(Required action): Skip the pictures. Transcribe exactly the lines from the line containing "三优保险柜全天候服务热线，专业解读与应急响应" to the end of the listing.

(Data section):
[Start of Attachment]
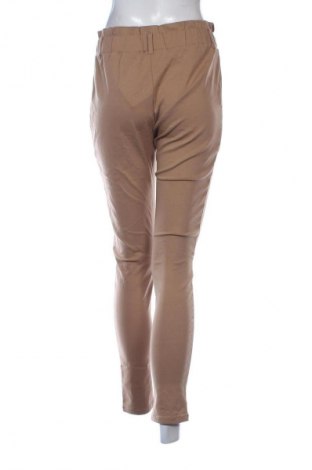 Dámske nohavice Page One, Veľkosť S, Farba Hnedá, Cena  7,95 €
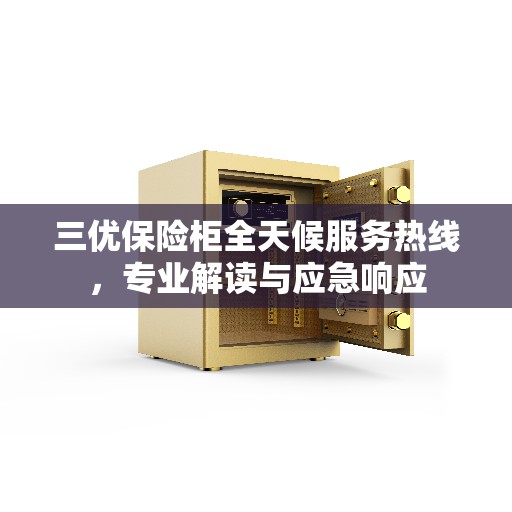 三优保险柜全天候服务热线，专业解读与应急响应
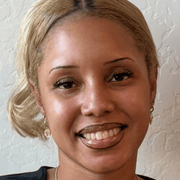 Tajanique B., Babysitter in 93630 with 4 years of paid experience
[End of Attachment]
(Task output):
 三优保险柜全天候服务热线，专业解读与应急响应
 Tajanique B., Babysitter in 93630 with 4 years of paid experience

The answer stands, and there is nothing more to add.